Member of the Amyotha Hluttaw
- In office 3 February 2016 – 1 February 2021
- Constituency: Sagaing Region № 10

Member-elect of Pyithu Hluttaw (1990)
- Preceded by: Constituency established
- Succeeded by: Constituency abolished
- Constituency: Mawlaik Township
- Majority: 11,249 (64%)

Personal details
- Born: 21 February 1955 (age 71) Kindat, Myanmar
- Party: National League for Democracy
- Spouse: Tin Mie Mie Khaing
- Children: Dimo Win
- Parent(s): Nyo Oo (father) Than Kyi (mother)
- Education: ten grade

= Tin Maung Win =

Burmese politician

Tin Maung Win (တင်မောင်ဝင်း; born 21 February 1955) is a Burmese politician who served as an Amyotha Hluttaw MP for Sagaing Region No. 10 constituency. He is a member of the National League for Democracy.

==Early life and career==
Tin Maung Win was born on 12 February 1955 in Kindat Township, Myanmar. He studied at Kindat Middle School and Mawlaik High School. He worked as a Clerk at the Mawlaik Township Trade Co-operative from 1975 to 1980 and ran a private electronic repair shop from 1983 to 2013.

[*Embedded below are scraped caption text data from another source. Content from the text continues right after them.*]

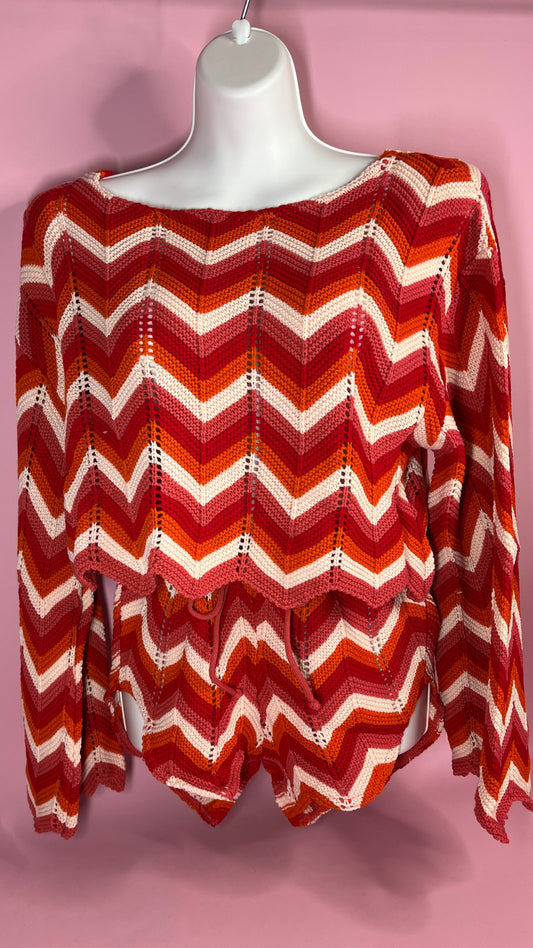 Zig Zag Knitted Co ord - Red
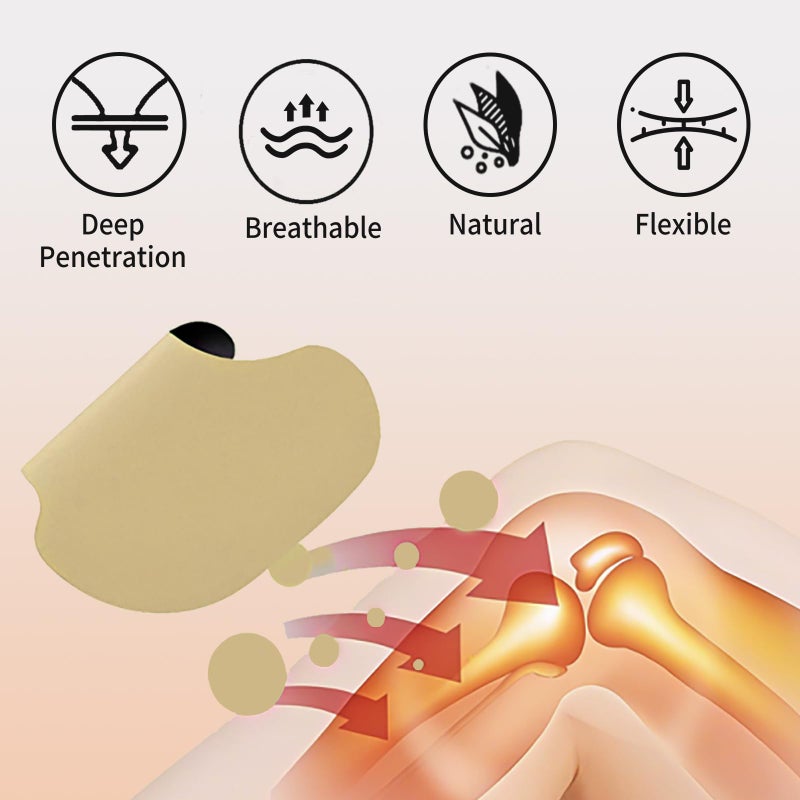 KmaxShip Hot Capsaicin Knee Patches 14pcs, Fast-Acting Heated Capsicum Patch for Knee Support, Natural Made Long-Lasting Adhesive Heat Patches - Image 4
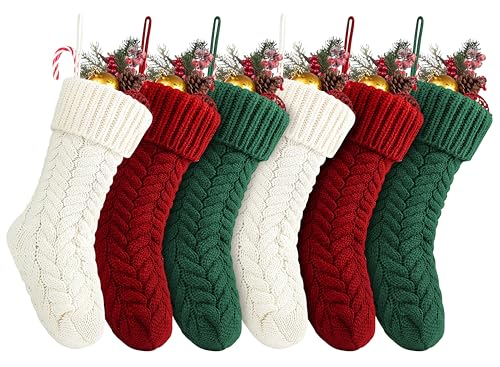 18-Inch Cable Knit Christmas Stockings, 6-Pack Large Holiday Decor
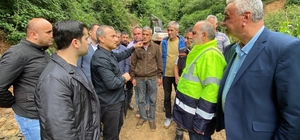 Vali Sonel, şiddetli yağışların hasara yol açtığı ilçede incelemelerde bulundu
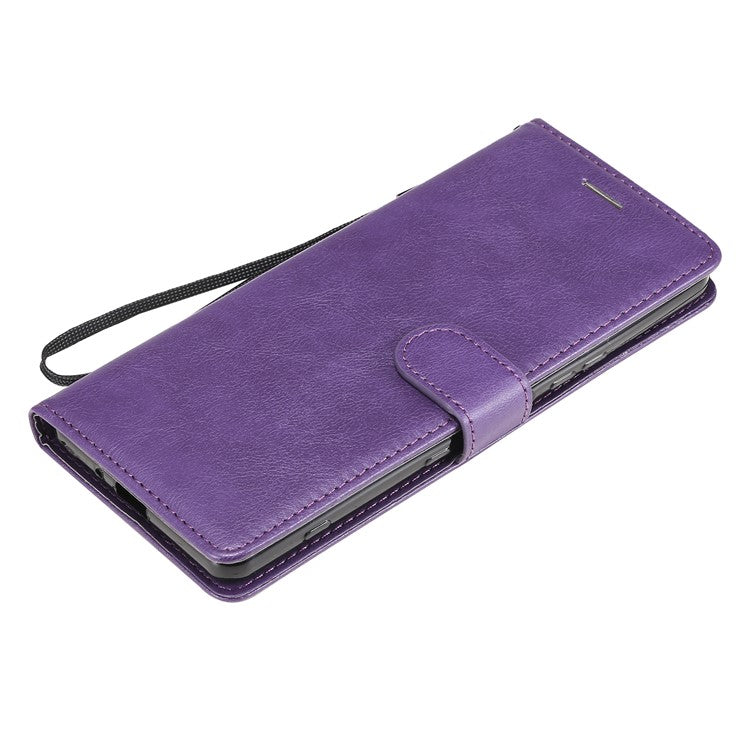 KT Leather Series-2 Wallet Stand Leather Phone Cover with Strap Casing for Sony Xperia 1 III 5G - Purple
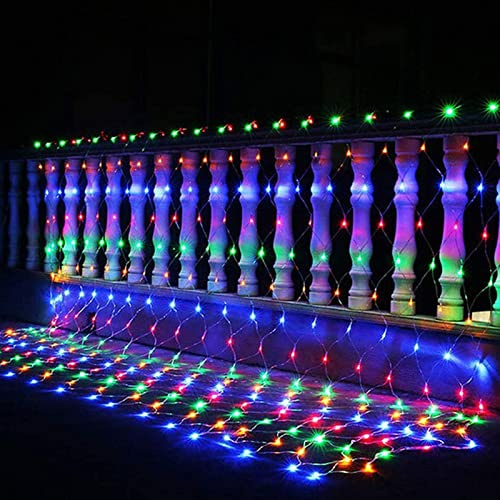 LED ljusnät ljusslinga ljusgardin nät ljuskedja 8 lägen, vattentät ljusslinga i mesh, dekorativ belysning inomhus och utomhus jul bröllop（Mångfärgad, 4.5x1.5m 320LED）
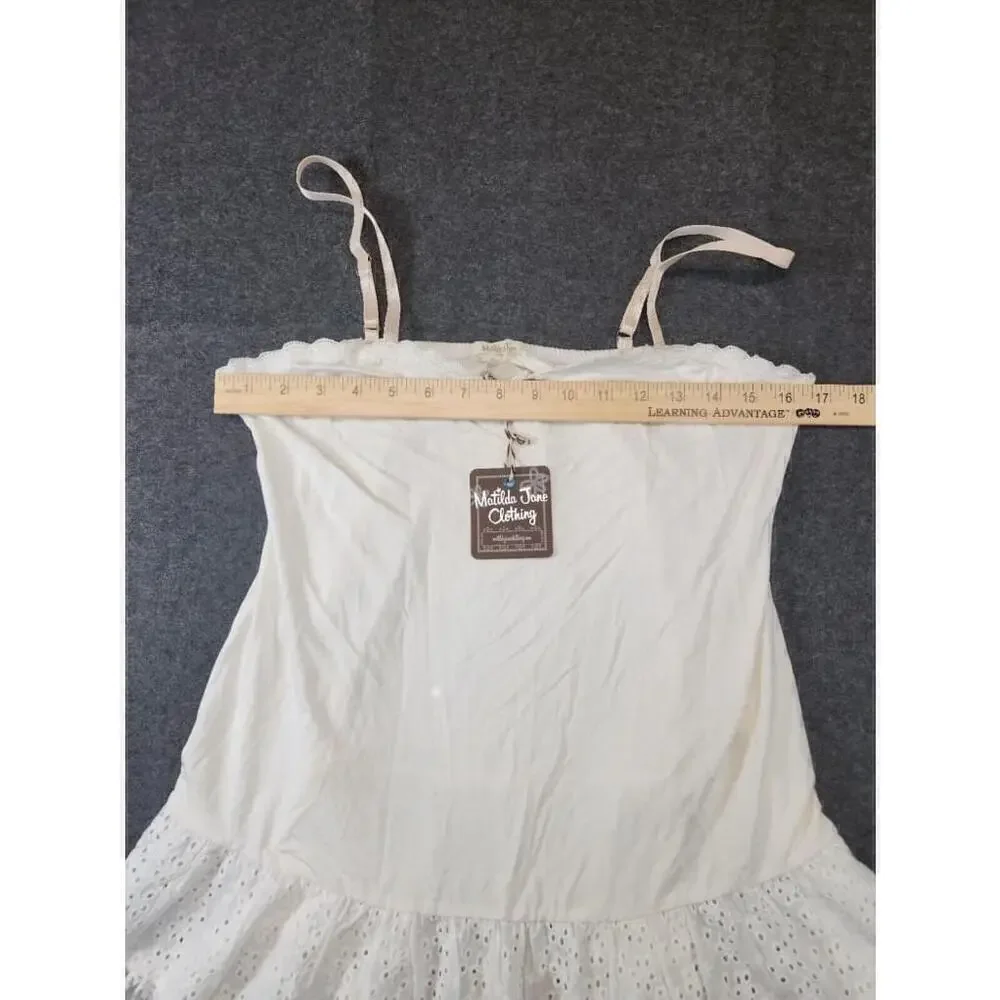 Kids Girls Matilda Jane White Dress Lace Crochet Trim Flared Soft Sz M NWT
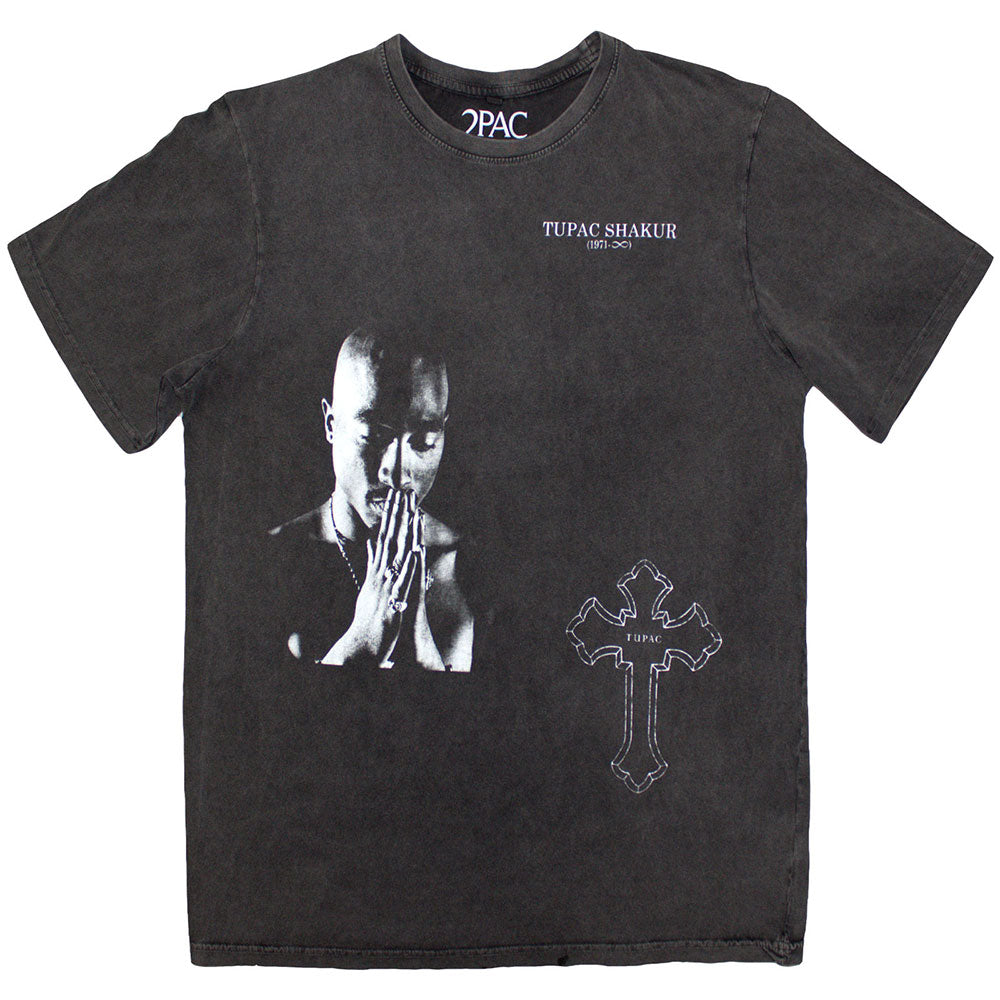 TUPAC Stone Wash T-Shirt, Cross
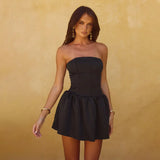 Satin Ruched Strapless Mini Dress-Outfit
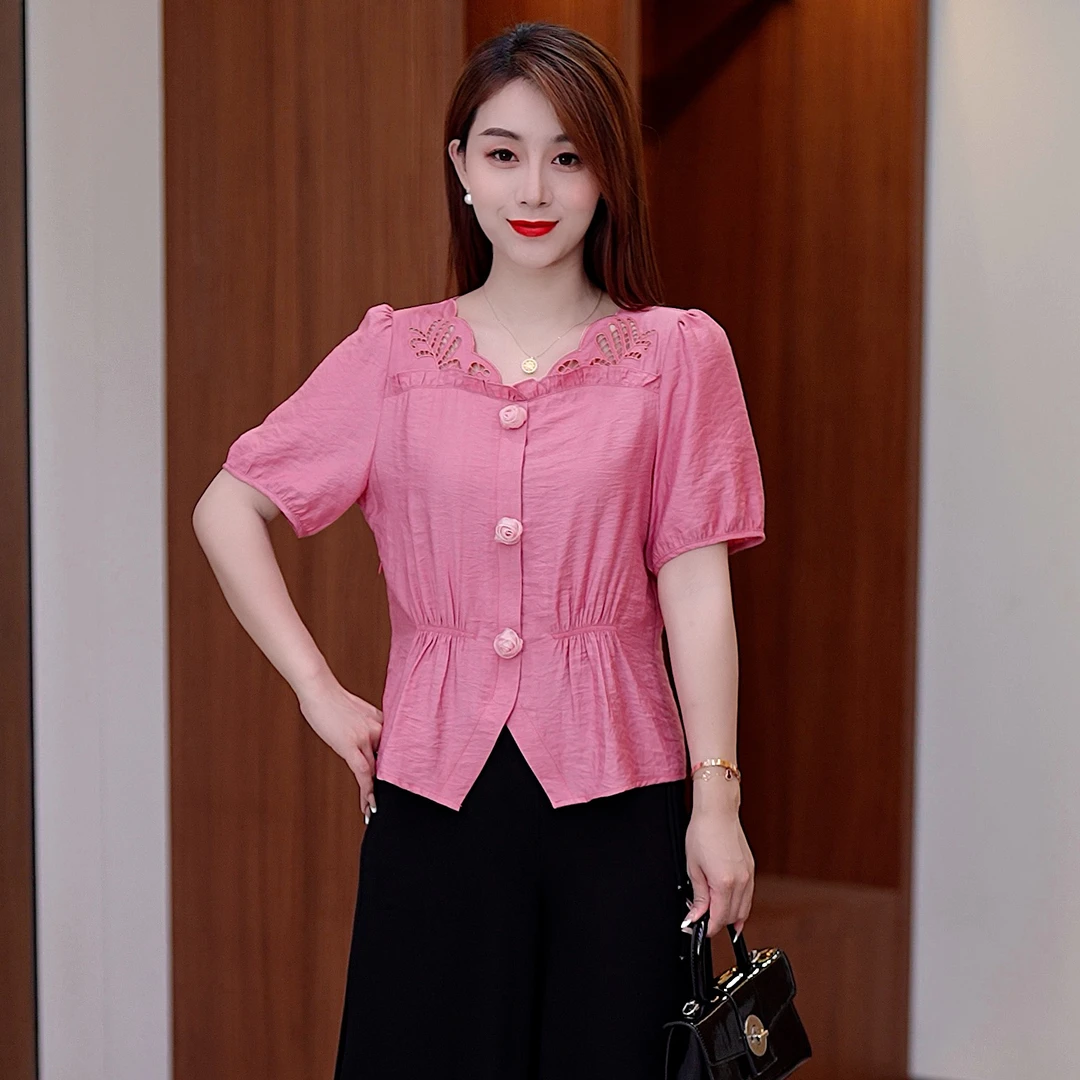 25年夏季显瘦民族风新款短袖新中式收腰打底衫气质洋气镂空上衣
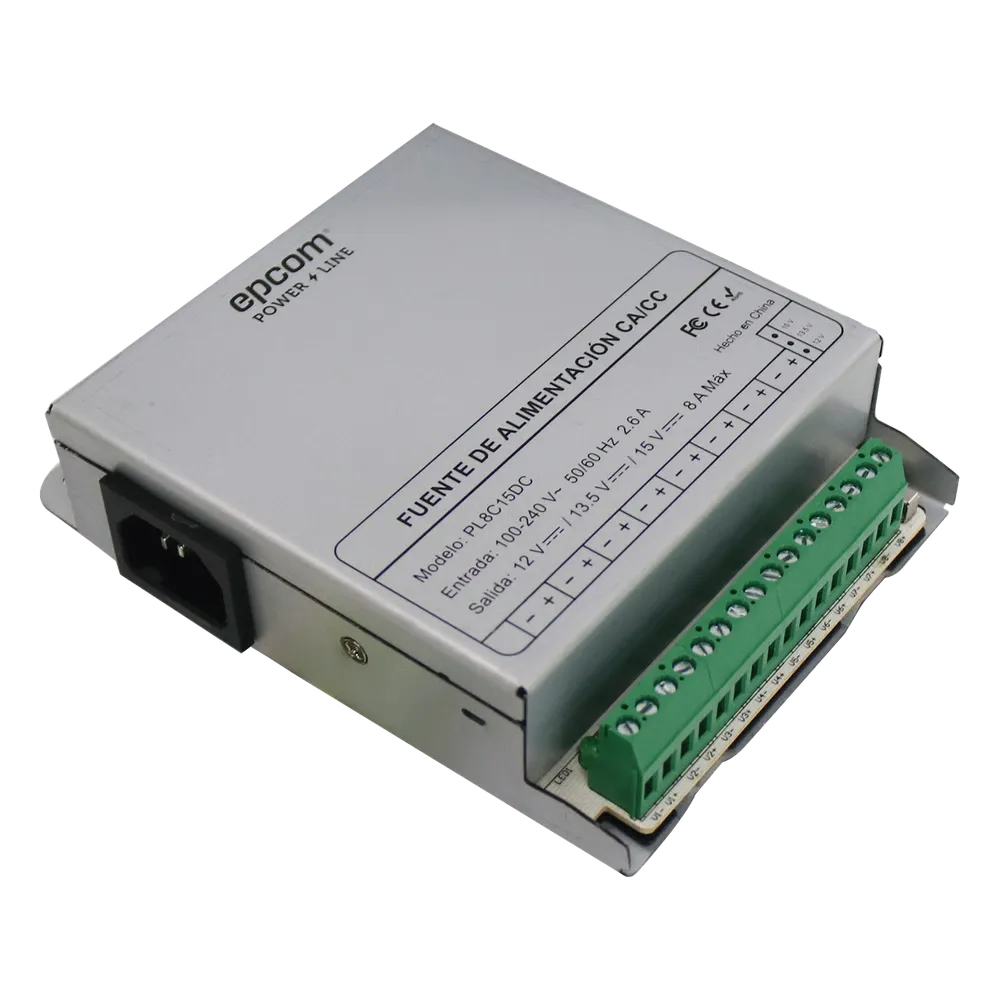 [PL-8C-15DC] Fuente De Poder Metálica 12 O 13.5 O 15vcc 8 A / 8 Cámaras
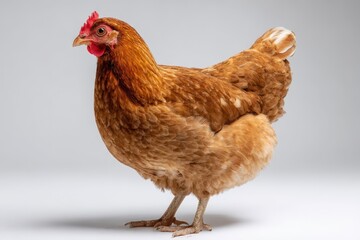 Fototapeta premium Brown hen in simple white background, full-body poultry photograph
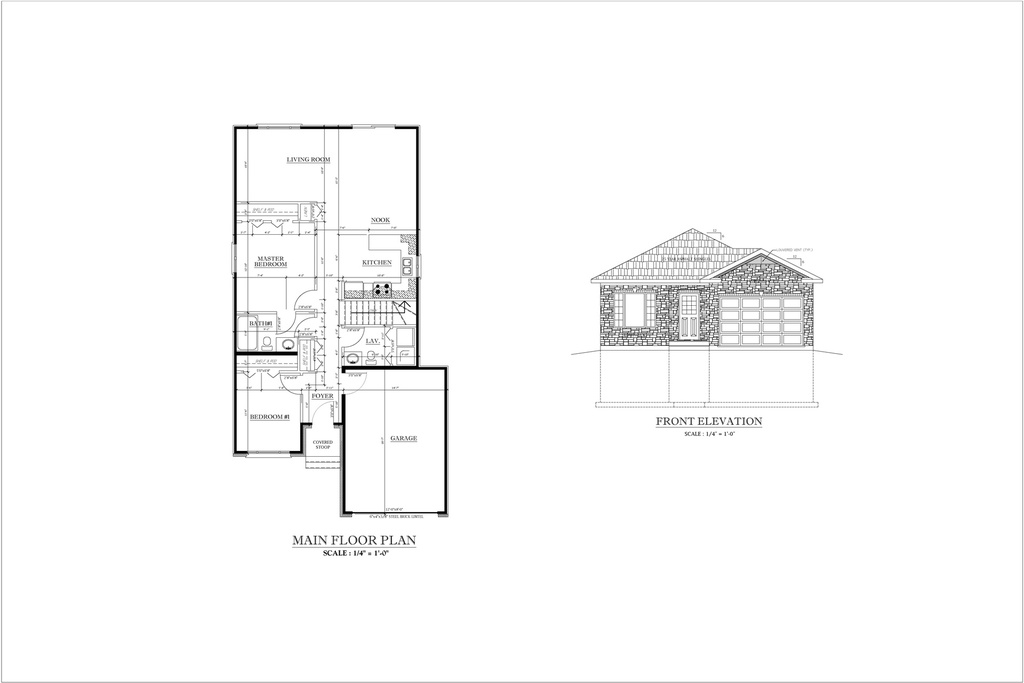 Plan 4988 Single Storey with 2 Bedrooms and Garage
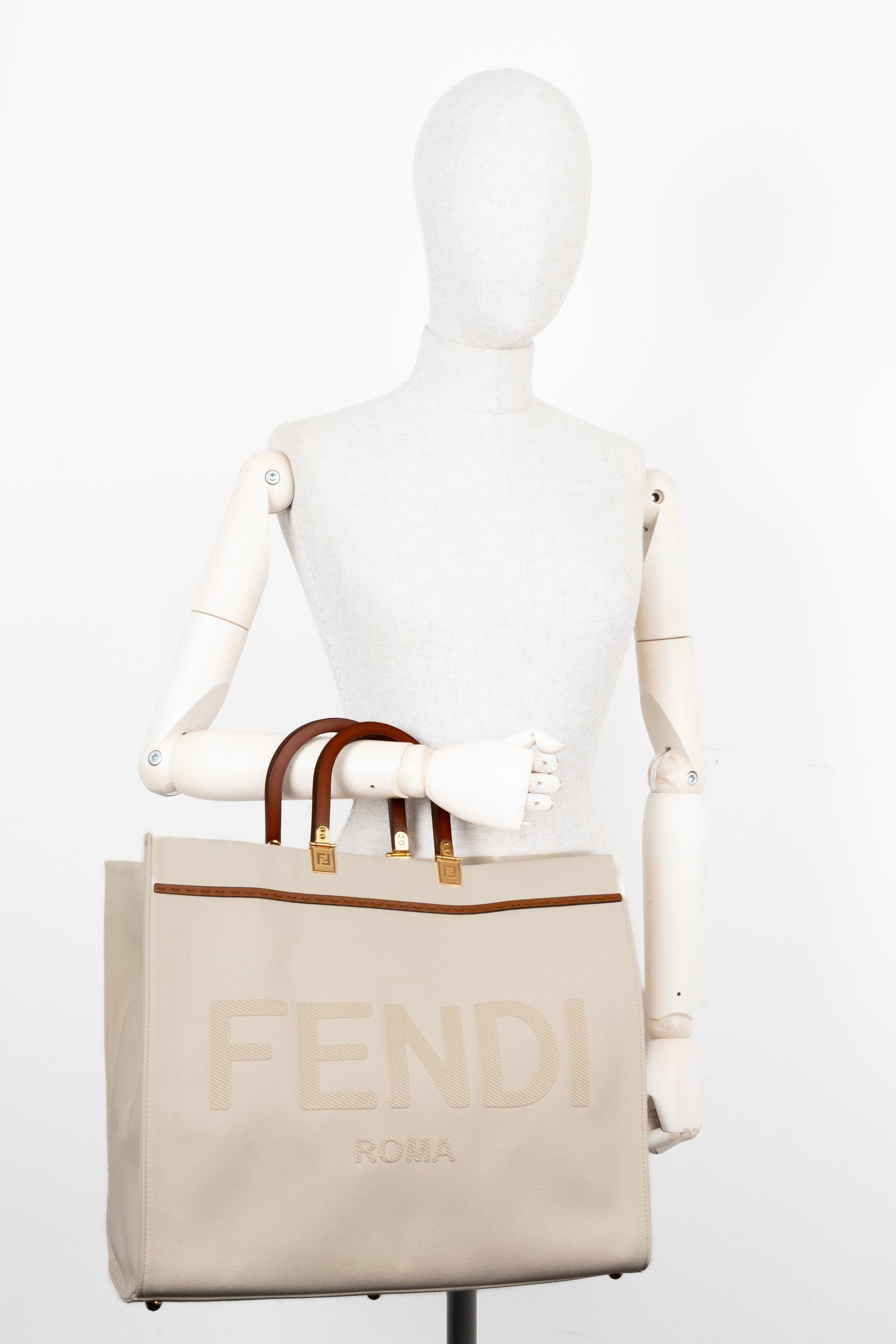 FENDI Sunshine Large Tote Bag Canvas Ivory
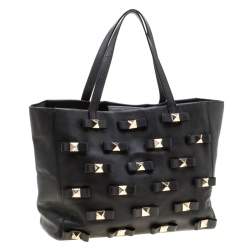 Pre Owned Kate Spade Black Leather Bow Terrace Janis Tote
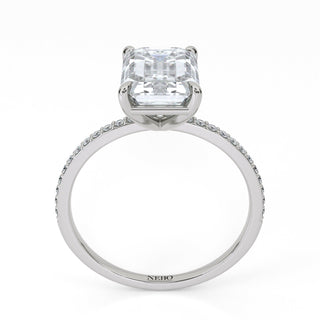 3 ct Emerald Lab Grown Diamond Lumen Hidden Accent Engagement Ring | 3.1 ct tw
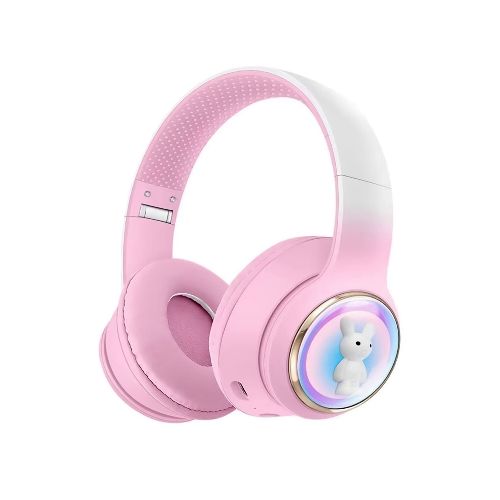 Auriculares Bluetooth Inalambricos Infantiles Rgb Conejo Mic - Variante Color Rosa — Atrix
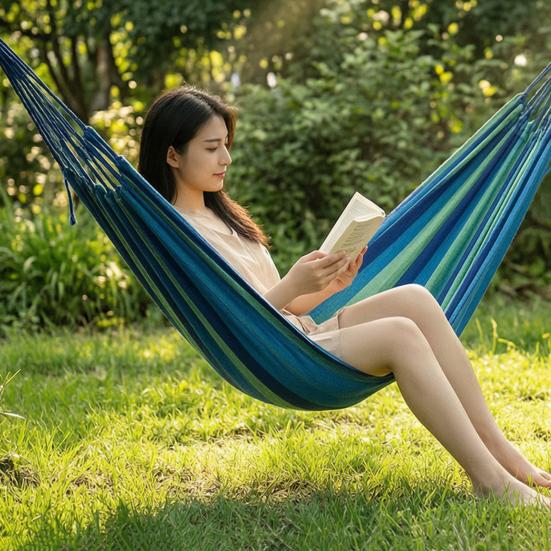 Outdoor Striped Hammock with Rope Bag, Portable Canvas Single Person Hammock, Tree Hanging Hammock for Camping Garden Patio Backyard Porch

He had served as a Committee member of 8888 uprising at Mawlaik Township in 1988. In 1989, he served as a chairman of township NLD party organizer. He contested the Mawlaik Township constituency and won a Pyithu Hluttaw seat in the 1990 Burmese general election, winning a majority of 11,249 (64% of the votes), but was never allowed to assume his seat. And then, he had served as the chairman of District Assembly Election Commission in 2012. He also served as the Chairman of District Executive and as a representative of Central Conference in 2013.

==Political career==
He is a member of the National League for Democracy. In the 2015 Myanmar general election, he was elected as an Amyotha Hluttaw member of parliament and elected representative from Sagaing Region No. 10 parliamentary constituency.